Wedding means big business in this Asian powerhouse

In late September, Sheng Zuxing and her fiance Zhang Ping married in front of about 60 guests in Tianjin, a port city southeast of Beijing.

Like many Western weddings, Sheng wore a flowing white gown, had a ring bearer and a bridesmaid, and hired a wedding planner - traditions that a decade ago, were mostly unseen in the Middle Kingdom.

The couple also incorporated traditional Chinese elements, such as receiving hongbao (red envelopes filled with money) from guests, setting off firecrackers as they arrived at the wedding venue. They kept another very popular traditional element - not allowing the groom to see his bride until he gave "bribes" to the bride's relatives, and answered questions from her such as where they first met and where they ate their first meal together.

"Life is only once and everybody wants to have a good memory," Sheng, 28, said. "Getting married is a big deal, so it's OK to spend a little money and take many photos."

Sheng and Zhang represent a new era for China's wedding industry as many younger individuals in the rising middle and wealthy classes opt for these fusion weddings.

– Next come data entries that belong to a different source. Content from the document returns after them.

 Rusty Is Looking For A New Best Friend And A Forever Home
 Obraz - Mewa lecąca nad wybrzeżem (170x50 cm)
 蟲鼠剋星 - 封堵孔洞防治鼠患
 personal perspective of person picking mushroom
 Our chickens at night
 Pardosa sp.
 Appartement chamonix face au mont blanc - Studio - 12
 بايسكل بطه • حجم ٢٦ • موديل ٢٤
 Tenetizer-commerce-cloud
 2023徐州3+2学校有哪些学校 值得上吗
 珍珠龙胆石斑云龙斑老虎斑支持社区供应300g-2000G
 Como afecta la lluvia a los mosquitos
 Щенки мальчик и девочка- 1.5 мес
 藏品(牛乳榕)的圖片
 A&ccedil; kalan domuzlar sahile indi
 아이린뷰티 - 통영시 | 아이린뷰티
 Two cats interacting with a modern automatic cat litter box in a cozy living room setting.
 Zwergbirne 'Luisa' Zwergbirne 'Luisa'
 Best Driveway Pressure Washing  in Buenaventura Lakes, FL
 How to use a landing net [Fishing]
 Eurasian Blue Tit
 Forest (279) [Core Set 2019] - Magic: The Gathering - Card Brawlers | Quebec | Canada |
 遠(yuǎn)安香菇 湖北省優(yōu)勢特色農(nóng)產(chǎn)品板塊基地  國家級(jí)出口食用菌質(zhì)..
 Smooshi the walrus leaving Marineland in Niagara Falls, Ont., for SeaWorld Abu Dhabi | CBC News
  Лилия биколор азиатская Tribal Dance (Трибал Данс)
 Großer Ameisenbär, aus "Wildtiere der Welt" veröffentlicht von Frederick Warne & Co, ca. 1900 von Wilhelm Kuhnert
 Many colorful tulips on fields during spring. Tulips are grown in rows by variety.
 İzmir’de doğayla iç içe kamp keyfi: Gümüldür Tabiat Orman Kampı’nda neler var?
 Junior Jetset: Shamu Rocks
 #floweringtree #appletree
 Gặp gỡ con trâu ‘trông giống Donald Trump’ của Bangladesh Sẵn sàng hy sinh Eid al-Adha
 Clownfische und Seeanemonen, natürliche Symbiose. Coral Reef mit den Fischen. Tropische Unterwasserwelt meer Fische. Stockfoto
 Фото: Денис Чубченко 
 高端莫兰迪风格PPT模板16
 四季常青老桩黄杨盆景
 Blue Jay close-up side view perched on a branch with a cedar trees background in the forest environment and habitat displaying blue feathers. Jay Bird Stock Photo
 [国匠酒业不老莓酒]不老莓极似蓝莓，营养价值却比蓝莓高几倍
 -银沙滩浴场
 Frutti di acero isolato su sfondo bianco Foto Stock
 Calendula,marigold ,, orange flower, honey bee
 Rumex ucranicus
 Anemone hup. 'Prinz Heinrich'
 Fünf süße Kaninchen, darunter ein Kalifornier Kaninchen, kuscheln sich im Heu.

The most popular option is to mix traditional Chinese elements with Western trends, complete with fat budgets, choreographed photo sessions and lavish banquet dinners.

"Every bride in China wants to walk down an aisle in a white dress," said Raul Vasquez, president of Weddings Beautiful China, a wedding-planning business based in Beijing. "Brides are inspired by what they see in the West."

According to analysis from China Wedding Industry Development Report, couples now spend an average of 76,141 yuan (S$16,575) per wedding in China.